D'abord, l'homme court vers Jésus pour lui poser la question de sa vie, la question qui le tracasse depuis longtemps : «Comment hériter de la vie durable, de la vraie vie ?»
1. Jésus ne fait pas une réponse compliquée, n'énonce pas d'exigences spéciales, il cite simplement une partie du décalogue. Et c'est l'homme qui relance Jésus : «J'ai pratiqué tout cela, mais ma question reste en moi.» Cette pratique ne lui suffit pas, ne remplit pas sa vie, ne lui donne pas tout son sens. L'obéissance ne lui suffit pas, ne le comble pas.
Lorsque Jésus dit à l'homme : «Il te manque quelque chose», il n'invente rien, il confirme, il valide simplement le sentiment profond de l'homme, il reconnaît autant l'obéissance de l'homme que le manque qu'il vient d'énoncer. Jésus n'affirme pas qu'il faut encore obéir à quelque chose de plus. Jésus refuse la logique de demander "un peu plus de la même chose". L'homme fait suffisamment.
Jésus entre sur le terrain de l'homme qui cherche la vraie vie. Il le considère pour lui-même, "il le regarde et se prend à l'aimer" dit le texte de Marc. L'homme étant en manque, en demande d'autre chose, Jésus lui suggère un changement d'attitude, de comportement face à la vie.
L'homme a rempli sa vie de l'observance des commandements. Il vivote dans son obéissance stricte. Il ne s'y épanouit pas, il est peut-être rempli de scrupules, de culpabilité, de doutes. (Ai-je bien fait ? En ai-je assez fait ? etc.).
Jésus va le placer sur un autre terrain. «Vends tout ce que tu as et donne-le aux pauvres». Jésus ne lui demande pas de transposer sa façon d'être (scrupuleux, comptabilisateur) dans sa façon de donner aux pauvres (Ai-je assez donné ?). Au sein de cette vie bien rangée, Jésus lui propose un coup de folie, une extravagance, un acte extraordinaire qui échappe à tout calcul, à toute mesure. Il lui propose quelque chose qui le délierait de toutes les conventions, de tous les usages, de toutes les obéissances. Jésus propose cela, non pas pour que l'homme devienne parfait, mais pour le délier, le libérer, lui rendre un accès à la vraie vie, aux richesses du Royaume de Dieu.

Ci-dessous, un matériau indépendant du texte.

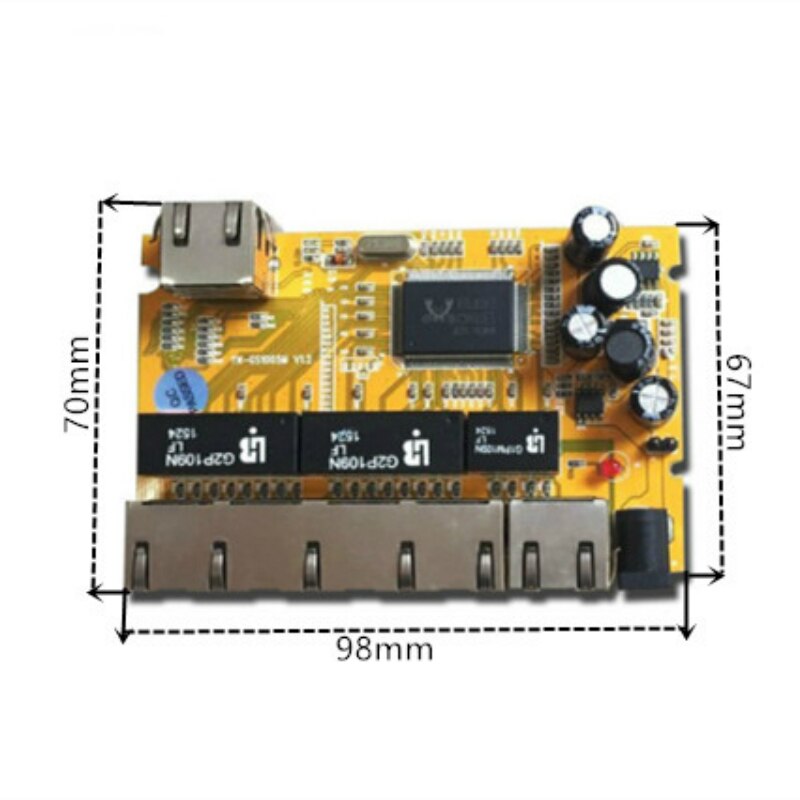 Oem/odm pcba industrie-switch-modul 5 -port 10/100/1000m unmanaged netzwerk-ethernet-switch ethernet-hub managed poe-switch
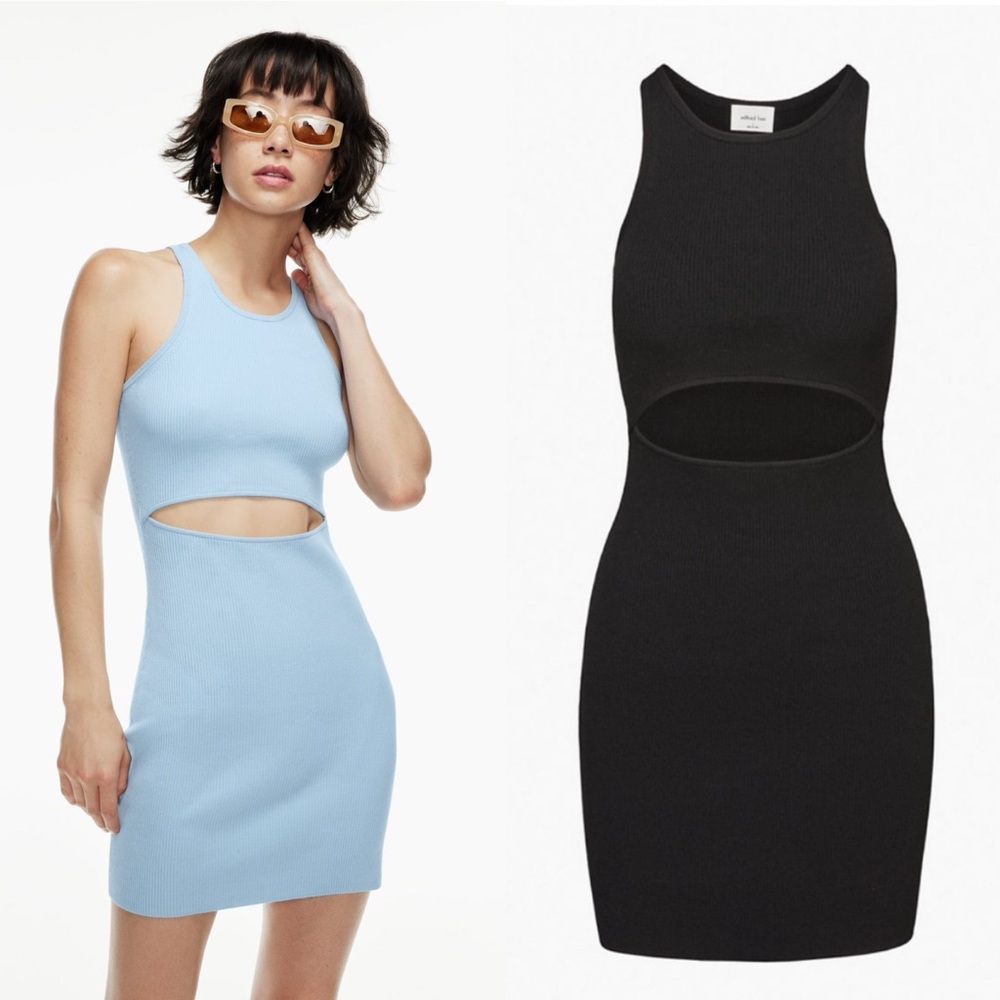 ‎Wilfred Aritzia Free Cutout Mini Dress in Black
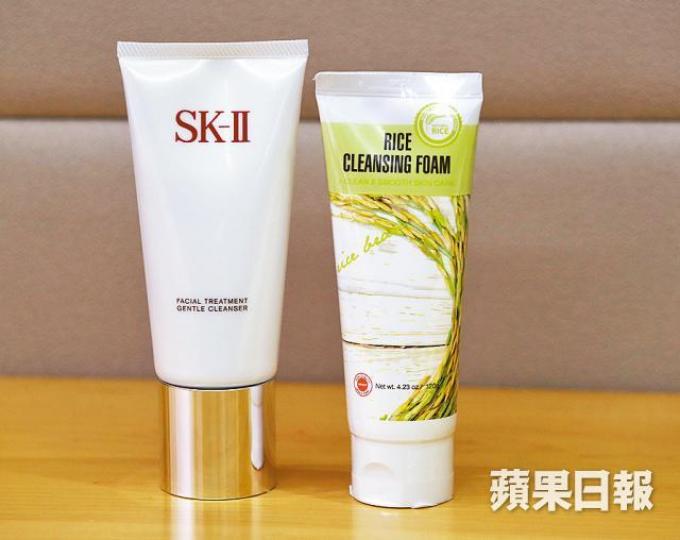 SK-II及名創洗面膏同獲最高的5分。 SK-II及名創洗面膏同獲最高的5分。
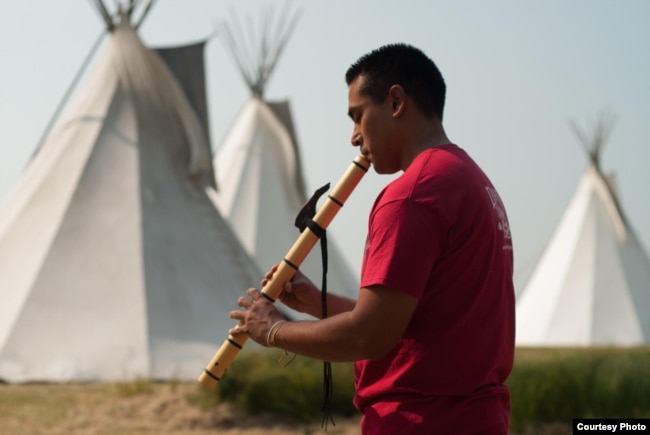 Ojibwe flutist Darren Thompson  Photo by Matt Kelly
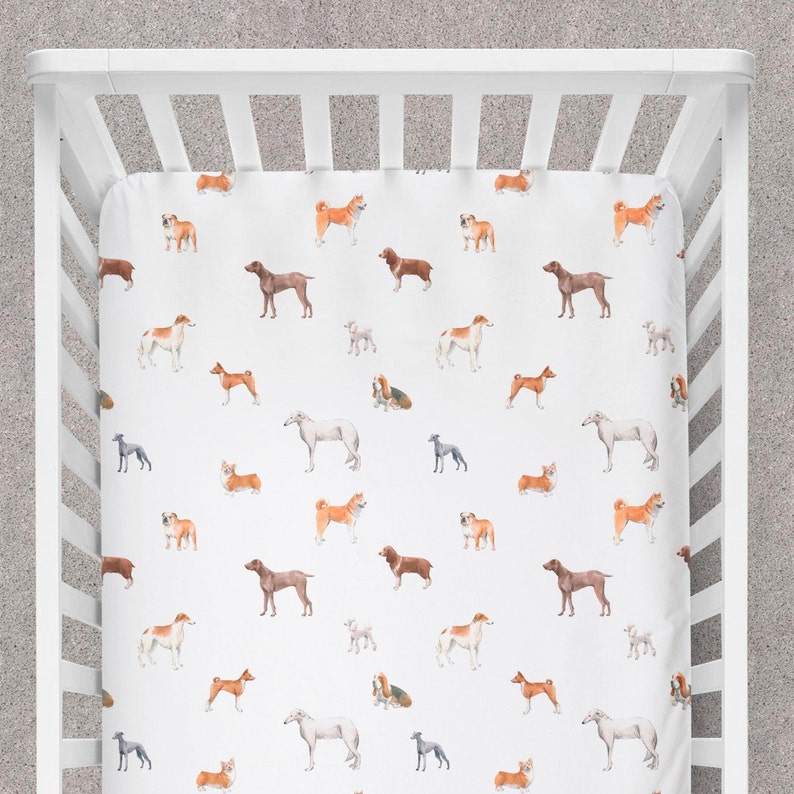 dog print crib sheets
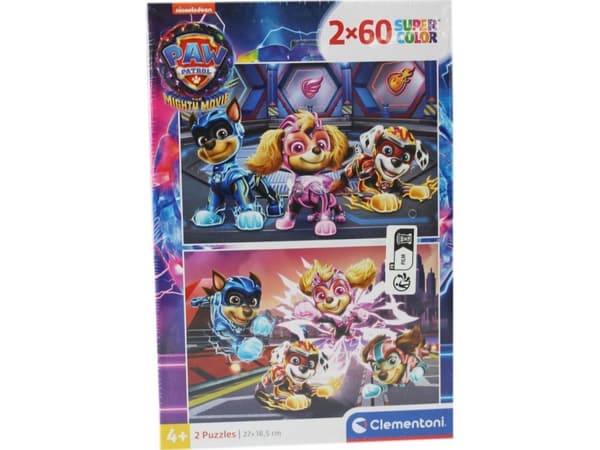 Clementoni Clementoni Puzzle 2x60el SuperColor Psi Patrol PAW PATROL MIGHTY MOVIE 21626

2. Jésus ne propose pas à l'homme un renoncement pour le plaisir de Dieu. Jésus lui propose cela parce que — à ce moment de l'existence de cet homme, à cause de la quête de cet homme — c'est la meilleure chose qui puisse lui arriver, qu'il puisse faire.
C'est là que la bizarre introduction du récit prend son sens. «Ne m'appelle pas "bon maître", Dieu, l'Unique, est bon». Au début de cette rencontre, Jésus devait rappeler à cet homme que Dieu n'est pas un maître sadique et cruel qui veut écraser l'être humain sous les corvées et le renoncement. Dieu, l'Unique, est celui qui a libéré son peuple de l'esclavage et l'a conduit au Sinaï pour lui donner la loi qui lui permettra de rester libre. Le but de la loi n'est pas l'obéissance, mais la liberté. C'est cela que Dieu veut, et c'est en cela qu'il est bon pour l'être humain.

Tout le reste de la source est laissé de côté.